Here, There, or Far Away

It’s All About Relationship

Here, There, or Far Away

One afternoon as we were walking home from the market, we passed an elderly man on the road and stopped to exchange the normal series of greetings.  He was surprised to find that foreigners like us were able to speak his language, as well as wear typical Fulbe clothing.  Gesturing to a nearby house, he invited us to come and share dinner with his family that evening, and we happily accepted.  When we showed up at his home later, he seemed a little surprised, but with a big smile he showed us into the house and we sat down on floor cushions.  Looking around the room, we realized that 8 or 9 other guests were already there, sharing traditional mint tea and conversation.  Some of them were people we knew, men we had met in the neighborhood or as students in our English classes.  We greeted one another, and our host made this memorable comment: “Until now you have been meeting the children.  Today you have met the father.”  Without being aware of it, we had been building relationships with members of the same clan, and had now met their leader.   

From 1996 to 2011 we lived and worked among the Fulbe people, also known as Fulani.  We started out in a small settlement in the Sahel of western Mali, then moved to a larger town, and finally pursued a new ministry in a medium-sized city.  The city where we lived was in Mauritania, outside of the Fulbe homeland area, but many had migrated there to work in service-sector jobs, and, in some cases, to provide better education for their children.  Having learned about traditional Fulbe life in the rural area where we started out, we were interested to find that much of their nomadic worldview came along with them when they moved to the city and began adapting to a “modern” lifestyle. 

 

After moving to the city, I found ways to build relationships with women in the neighborhood.  As I got invited to weddings and baby-naming celebrations, I began to notice how these community events were planned and organized by women’s groups.  These groups were defined by age and by clan just as they had been in the village, or by the home area where the families’ cattle and sheep were herded.  I found that every Fulbe woman I got to know belonged to one of these groups.  Wedding planning would be done by the group to which the bride’s mother belonged; they would all contribute money to purchase food for the feast, and organize the cooking and serving.  When a woman gave birth, her group would pitch in to plan the naming ceremony and feast, and help with festive new clothes for the new mother.  I remember watching with amazement as one of the women recorded in a notebook the small financial contribution each woman had made on a line next to her name; they kept track of every detail. 
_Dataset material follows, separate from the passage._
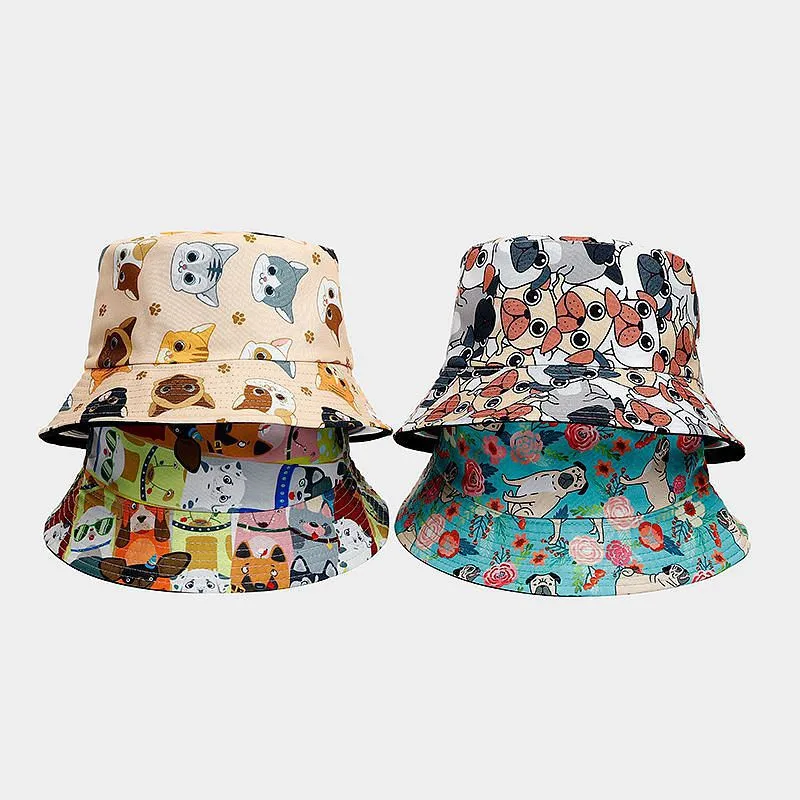 Four Seasons Cotton Cartoon Print Bucket Hat Fisherman Hat Outdoor Travel Sun Cap For Men And Women 179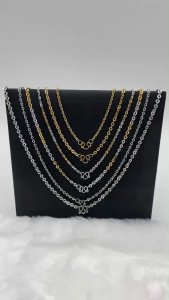 ลายโซ่เพชร สีเลส 2สี ทองเลเซอร์  สแตนเลสแท้เกรด304 ไม่ลอก ไม่ดำ ใส่อาบน้ำได้ปกติ เครื่องประดับ สร้อยคอ ใส่ได้ทั้งเด็กและผู้ใหญ่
Some of the women’s groups used this system to manage a revolving loan fund.  The money accumulated through monthly contributions could be taken out as a small-business loan by one of the members, to be paid back later so that another woman could borrow.  This system seemed to work because the women knew each other well, and their families were linked by clan relationships.  The “collateral” was their social standing in the community. 
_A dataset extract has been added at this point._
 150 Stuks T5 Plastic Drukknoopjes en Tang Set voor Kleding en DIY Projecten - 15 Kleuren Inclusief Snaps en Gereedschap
It’s All About Who You Know

David J. Phillips, in his book Peoples On the Move, explores this dynamic of nomadic life in a chapter titled “Who You Know, not What You Own.”  He writes: “Nomads…emphasize relationships with their own kind—especially their close relatives.  Their identity and security is in who and what they can take with them and in their relationships with others on the route.  This identity depends on belonging to a mobile society with its social relationships, customs and even concealed rites and terminology.” (p.31, William Carey Library, 2001)
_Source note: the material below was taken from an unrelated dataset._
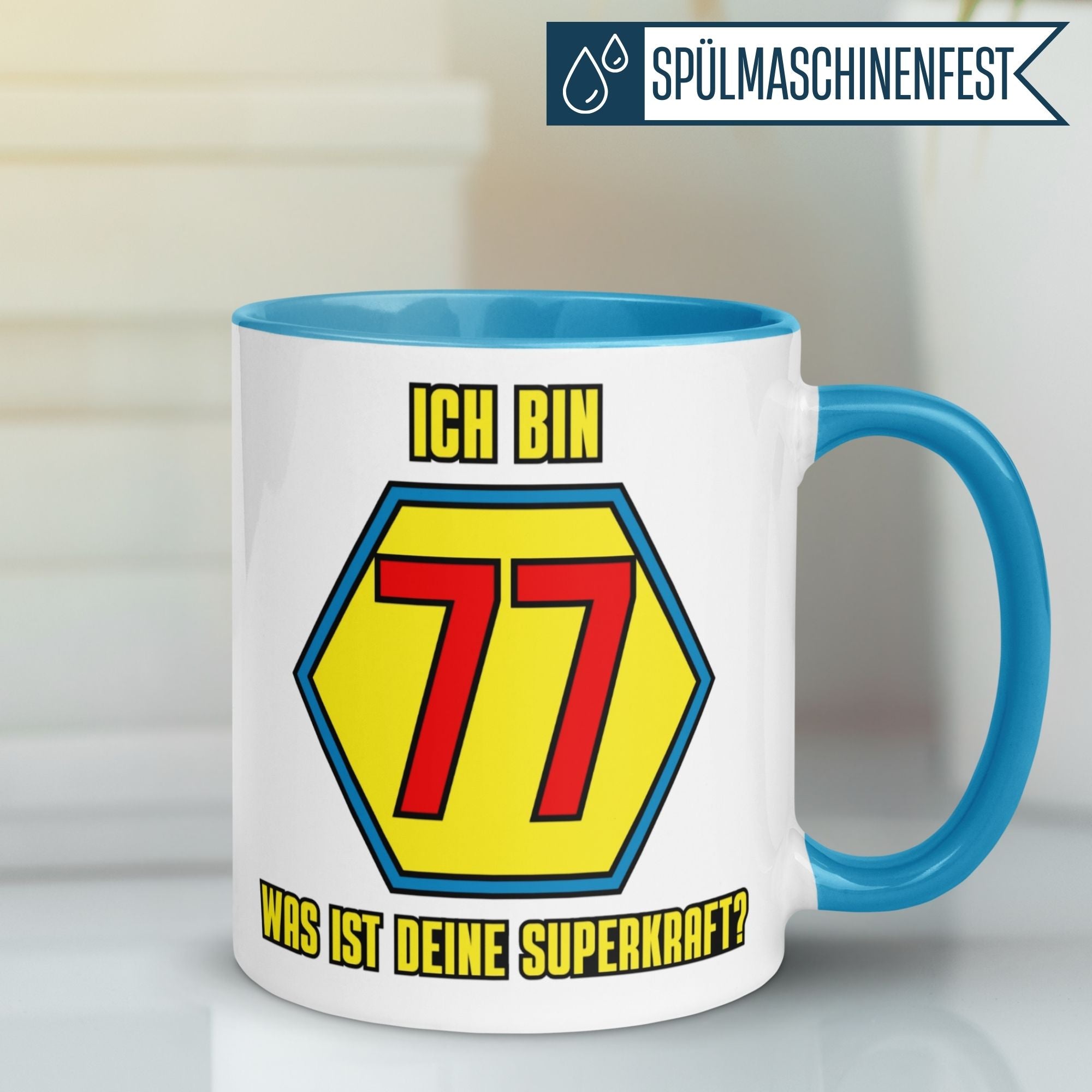 Momentals® Tasse 77. Geburtstag | Superheld & Spruch | Ich bin 77 und was ist deine Superkraft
We saw another example of this one afternoon when we stopped by to visit at the home of a Fulbe family that we had met, and spent an hour or so drinking the traditional three cups of strong mint tea that facilitate conversation and relationship-building.  We were invited to stay for dinner, and we accepted.  Before long, we noticed that young men were arriving and more mint tea was making the rounds.  By the time dinner was served, there were 5 or 6 single men seated around the plates, as well as our friends and their four sons, and the two of us.  After the meal as we were saying good-bye, I ducked into the kitchen to thank our hostess, Jeynaba, for the meal, and I remarked on how she had had to cook a very large quantity of food.  She told me that she never knew how many people would arrive for dinner.  She went on to explain that, because her husband had a steady government job and they were established in the city, they were a “host family” for any men from their clan who migrated to the city looking for work.  They were expected to provide a safety net of lodging, food, and contacts for new arrivals until they could provide for themselves.  Eventually we got to know several families who played this kind of role, anchoring their traditional network in a new urban setting.  We’ve heard anecdotally that this practice continues where Fulbe emigrate abroad, in cities in France and the United States.

   

While they had moved to the city and worked in blue-collar, government, or service sector jobs, our Fulbe friends continued to hold perspectives on life and cultural norms that echoed their rural, nomadic roots.  One of the most significant of these was how they answer the question, “What gives you security in life?”  For those with a nomadic worldview, security is found in relationships, in that network of family and clan ties that stretches across geography and transcends what we consider modern culture.  In this view, a person will always be provided for as long as those ties are maintained. 

Not Alone, but Together

The significance of relationships as the basis for security gave us much food for thought as we considered how to best share the good news with our Fulbe friends and neighbors.  In searching the scriptures, we realized that much of Jesus’ ministry, including many of his miracles, had to do with restoring people’s relationships and social connections.  The lepers, the demoniacs, and the woman suffering from a 12-year hemorrhage received not just physical healing but restoration into their normal family and clan networks and the security that provided.  We asked ourselves, “Can we share the good news in such a way that it brings not only salvation from sin but also the restoration of relationships and community?”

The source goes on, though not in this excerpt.